▸ **Exercise requirements**
For the data below, please report each line where the word "Specialty" is found.
---- Data shown
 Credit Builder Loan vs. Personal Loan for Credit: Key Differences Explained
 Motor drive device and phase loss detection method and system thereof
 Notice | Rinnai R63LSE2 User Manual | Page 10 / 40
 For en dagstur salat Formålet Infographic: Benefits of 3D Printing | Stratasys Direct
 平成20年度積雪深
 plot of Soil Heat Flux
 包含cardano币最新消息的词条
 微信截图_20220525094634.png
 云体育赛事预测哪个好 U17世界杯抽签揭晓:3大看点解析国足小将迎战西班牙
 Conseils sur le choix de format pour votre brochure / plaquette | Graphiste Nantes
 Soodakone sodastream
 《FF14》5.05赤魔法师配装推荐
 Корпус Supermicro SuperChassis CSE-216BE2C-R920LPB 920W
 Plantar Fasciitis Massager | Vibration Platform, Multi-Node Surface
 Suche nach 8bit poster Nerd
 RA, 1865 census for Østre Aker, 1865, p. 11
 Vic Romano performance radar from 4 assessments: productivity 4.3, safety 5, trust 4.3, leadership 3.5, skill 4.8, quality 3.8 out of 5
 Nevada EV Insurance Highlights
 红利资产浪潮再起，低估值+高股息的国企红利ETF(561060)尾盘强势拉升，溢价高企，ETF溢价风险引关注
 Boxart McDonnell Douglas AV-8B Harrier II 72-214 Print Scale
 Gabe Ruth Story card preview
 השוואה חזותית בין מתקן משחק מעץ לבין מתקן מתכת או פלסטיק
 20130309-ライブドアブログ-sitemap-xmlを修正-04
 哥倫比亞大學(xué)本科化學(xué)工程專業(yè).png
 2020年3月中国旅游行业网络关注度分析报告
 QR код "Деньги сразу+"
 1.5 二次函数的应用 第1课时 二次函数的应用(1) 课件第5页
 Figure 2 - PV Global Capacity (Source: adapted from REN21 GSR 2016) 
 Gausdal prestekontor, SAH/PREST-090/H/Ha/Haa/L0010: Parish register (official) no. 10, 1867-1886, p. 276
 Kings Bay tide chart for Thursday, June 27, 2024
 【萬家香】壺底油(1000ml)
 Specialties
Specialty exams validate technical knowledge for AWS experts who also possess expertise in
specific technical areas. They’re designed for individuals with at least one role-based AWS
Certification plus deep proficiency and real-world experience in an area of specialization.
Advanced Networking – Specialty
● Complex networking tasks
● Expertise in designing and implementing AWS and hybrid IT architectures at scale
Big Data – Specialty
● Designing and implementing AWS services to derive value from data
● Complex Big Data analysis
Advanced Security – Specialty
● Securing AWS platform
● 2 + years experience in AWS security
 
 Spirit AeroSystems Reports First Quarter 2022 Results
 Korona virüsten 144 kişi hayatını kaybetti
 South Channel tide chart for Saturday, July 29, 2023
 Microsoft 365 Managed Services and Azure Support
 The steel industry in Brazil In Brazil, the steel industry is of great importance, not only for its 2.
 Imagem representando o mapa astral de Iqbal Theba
--------
▸ **Output for this exercise**
Specialty exams validate technical knowledge for AWS experts who also possess expertise in
Advanced Networking – Specialty
Big Data – Specialty
Advanced Security – Specialty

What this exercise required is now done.